Records from a data source:
>>>

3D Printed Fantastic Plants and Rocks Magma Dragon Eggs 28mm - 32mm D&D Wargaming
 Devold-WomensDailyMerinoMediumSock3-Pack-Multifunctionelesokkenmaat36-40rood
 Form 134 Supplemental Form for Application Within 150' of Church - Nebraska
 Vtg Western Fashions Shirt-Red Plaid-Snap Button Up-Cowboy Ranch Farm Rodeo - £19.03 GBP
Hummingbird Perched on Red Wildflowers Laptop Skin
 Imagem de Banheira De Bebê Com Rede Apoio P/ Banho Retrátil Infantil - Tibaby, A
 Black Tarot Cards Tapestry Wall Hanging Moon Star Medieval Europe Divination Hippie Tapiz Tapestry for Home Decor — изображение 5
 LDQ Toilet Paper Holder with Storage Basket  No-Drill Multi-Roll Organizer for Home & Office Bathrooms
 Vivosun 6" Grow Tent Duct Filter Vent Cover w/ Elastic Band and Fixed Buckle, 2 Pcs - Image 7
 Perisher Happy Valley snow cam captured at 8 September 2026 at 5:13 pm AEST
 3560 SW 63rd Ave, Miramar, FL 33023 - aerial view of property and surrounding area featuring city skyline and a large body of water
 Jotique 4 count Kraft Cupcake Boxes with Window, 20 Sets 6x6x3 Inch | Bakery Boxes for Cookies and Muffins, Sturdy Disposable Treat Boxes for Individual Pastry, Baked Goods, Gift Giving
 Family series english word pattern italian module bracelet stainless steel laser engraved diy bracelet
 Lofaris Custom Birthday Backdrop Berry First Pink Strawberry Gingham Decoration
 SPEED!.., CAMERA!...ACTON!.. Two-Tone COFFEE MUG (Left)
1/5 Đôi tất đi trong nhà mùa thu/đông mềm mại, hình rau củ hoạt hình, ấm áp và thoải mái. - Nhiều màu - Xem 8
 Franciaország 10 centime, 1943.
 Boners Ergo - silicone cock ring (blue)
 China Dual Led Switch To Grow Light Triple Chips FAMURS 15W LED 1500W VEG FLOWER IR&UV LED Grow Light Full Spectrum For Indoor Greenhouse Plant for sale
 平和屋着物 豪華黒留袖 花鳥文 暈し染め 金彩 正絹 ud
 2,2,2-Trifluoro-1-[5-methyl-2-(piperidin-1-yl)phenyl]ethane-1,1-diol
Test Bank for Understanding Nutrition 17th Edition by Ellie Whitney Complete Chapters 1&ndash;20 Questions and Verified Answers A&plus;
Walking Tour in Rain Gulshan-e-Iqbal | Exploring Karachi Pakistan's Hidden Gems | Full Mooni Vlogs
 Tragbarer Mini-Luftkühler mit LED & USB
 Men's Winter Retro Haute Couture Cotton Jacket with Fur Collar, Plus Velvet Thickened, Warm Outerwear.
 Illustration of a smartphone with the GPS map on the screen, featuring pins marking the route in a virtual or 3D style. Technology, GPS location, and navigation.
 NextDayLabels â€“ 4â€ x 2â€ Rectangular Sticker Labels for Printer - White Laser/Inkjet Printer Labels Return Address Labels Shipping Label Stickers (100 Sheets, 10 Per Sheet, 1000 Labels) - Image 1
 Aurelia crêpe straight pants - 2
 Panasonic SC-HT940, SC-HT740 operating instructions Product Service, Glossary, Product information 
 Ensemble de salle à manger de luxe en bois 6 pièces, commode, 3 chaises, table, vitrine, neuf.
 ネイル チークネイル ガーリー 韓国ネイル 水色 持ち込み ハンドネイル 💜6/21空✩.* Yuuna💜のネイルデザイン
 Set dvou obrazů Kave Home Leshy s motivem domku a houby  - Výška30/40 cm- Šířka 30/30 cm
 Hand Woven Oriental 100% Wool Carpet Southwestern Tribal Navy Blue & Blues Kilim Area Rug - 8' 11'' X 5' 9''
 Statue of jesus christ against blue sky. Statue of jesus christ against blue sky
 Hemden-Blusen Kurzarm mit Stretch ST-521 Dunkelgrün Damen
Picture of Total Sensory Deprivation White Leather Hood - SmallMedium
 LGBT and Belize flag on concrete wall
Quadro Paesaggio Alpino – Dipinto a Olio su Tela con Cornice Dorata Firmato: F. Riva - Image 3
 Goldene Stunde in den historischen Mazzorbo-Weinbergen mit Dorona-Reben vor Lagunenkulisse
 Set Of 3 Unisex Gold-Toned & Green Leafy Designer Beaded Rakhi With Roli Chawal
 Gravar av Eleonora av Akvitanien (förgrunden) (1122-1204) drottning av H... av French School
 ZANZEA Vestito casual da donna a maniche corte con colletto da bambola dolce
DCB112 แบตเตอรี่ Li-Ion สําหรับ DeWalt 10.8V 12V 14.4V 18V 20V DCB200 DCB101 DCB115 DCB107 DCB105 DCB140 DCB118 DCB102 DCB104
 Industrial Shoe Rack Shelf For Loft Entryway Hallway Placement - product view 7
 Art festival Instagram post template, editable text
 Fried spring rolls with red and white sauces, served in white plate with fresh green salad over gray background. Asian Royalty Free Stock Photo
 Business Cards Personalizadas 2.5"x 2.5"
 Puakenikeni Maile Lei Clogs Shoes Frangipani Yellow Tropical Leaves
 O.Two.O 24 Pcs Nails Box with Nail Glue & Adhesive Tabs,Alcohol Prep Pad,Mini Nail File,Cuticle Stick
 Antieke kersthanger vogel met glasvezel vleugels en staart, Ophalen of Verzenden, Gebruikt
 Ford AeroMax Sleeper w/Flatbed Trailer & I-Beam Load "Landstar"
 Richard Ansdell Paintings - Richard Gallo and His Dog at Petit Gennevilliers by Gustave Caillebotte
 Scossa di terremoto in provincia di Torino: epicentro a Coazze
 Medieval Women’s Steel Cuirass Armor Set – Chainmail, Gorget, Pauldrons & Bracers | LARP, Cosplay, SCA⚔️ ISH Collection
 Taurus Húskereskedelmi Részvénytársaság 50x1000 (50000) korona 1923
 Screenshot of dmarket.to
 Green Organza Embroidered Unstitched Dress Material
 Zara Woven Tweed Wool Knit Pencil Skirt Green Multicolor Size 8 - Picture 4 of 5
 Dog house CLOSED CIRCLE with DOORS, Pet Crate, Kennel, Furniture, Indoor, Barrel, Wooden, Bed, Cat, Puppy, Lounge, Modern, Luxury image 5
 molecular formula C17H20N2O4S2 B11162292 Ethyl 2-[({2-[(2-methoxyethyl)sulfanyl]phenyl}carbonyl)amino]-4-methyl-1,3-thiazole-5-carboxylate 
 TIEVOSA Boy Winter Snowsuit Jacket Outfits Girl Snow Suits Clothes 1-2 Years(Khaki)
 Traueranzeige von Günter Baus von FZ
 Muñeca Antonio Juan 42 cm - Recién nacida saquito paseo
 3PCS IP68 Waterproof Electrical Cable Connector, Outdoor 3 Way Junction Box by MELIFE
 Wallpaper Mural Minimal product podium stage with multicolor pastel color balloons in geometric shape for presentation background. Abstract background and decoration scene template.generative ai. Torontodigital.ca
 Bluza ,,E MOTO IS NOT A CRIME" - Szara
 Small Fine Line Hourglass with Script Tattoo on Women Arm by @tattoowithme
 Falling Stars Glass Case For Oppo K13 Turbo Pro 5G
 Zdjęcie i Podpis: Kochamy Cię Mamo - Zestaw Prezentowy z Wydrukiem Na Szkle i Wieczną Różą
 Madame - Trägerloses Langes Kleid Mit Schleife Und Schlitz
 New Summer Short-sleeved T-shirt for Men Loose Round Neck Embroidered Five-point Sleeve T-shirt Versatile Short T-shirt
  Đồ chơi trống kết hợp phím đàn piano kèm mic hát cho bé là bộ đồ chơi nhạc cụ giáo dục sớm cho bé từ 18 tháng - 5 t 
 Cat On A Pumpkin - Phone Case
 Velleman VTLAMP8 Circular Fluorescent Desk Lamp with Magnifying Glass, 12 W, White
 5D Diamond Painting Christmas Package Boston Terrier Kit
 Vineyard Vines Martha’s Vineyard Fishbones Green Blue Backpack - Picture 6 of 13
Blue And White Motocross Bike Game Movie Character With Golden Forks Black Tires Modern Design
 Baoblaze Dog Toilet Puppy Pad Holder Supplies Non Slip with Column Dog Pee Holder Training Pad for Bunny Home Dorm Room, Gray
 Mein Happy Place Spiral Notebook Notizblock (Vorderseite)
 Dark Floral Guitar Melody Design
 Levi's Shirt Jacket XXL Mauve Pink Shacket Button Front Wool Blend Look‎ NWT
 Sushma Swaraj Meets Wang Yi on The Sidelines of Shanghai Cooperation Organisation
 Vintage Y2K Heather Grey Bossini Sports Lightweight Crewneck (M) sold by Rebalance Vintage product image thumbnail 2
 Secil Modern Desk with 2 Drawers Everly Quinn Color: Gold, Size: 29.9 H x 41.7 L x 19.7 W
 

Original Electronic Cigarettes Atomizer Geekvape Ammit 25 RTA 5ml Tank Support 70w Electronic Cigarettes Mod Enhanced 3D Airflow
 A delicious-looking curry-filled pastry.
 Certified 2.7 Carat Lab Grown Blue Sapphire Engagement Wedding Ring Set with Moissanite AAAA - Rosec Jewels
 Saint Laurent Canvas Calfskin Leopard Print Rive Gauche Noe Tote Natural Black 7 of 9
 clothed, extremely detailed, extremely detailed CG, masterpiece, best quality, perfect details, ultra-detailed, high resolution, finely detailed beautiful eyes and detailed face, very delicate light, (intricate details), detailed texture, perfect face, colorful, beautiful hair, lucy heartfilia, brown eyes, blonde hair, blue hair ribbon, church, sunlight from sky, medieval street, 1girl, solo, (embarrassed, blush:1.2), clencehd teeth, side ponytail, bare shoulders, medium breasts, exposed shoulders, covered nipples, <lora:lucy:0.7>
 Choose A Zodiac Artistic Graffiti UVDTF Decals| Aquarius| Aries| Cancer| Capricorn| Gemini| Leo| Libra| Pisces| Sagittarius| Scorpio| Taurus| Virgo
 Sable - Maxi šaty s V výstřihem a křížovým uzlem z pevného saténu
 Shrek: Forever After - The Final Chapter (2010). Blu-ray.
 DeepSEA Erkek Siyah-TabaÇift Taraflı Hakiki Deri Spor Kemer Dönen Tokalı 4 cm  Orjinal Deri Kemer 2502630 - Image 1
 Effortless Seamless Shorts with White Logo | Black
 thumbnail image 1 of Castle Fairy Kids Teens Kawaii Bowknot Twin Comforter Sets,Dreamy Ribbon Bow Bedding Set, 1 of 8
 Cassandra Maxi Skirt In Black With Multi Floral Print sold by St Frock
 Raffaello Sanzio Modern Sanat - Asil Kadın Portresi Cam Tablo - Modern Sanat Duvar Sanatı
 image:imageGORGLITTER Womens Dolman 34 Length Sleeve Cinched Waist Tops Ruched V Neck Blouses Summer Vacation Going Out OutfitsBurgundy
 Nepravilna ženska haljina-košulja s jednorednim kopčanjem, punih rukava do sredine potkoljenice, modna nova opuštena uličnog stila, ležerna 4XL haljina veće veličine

<<<

Your goal:
Sift the data above for lines with "Taurus", then copy each one.

Answer section:
 Taurus Húskereskedelmi Részvénytársaság 50x1000 (50000) korona 1923
 Choose A Zodiac Artistic Graffiti UVDTF Decals| Aquarius| Aries| Cancer| Capricorn| Gemini| Leo| Libra| Pisces| Sagittarius| Scorpio| Taurus| Virgo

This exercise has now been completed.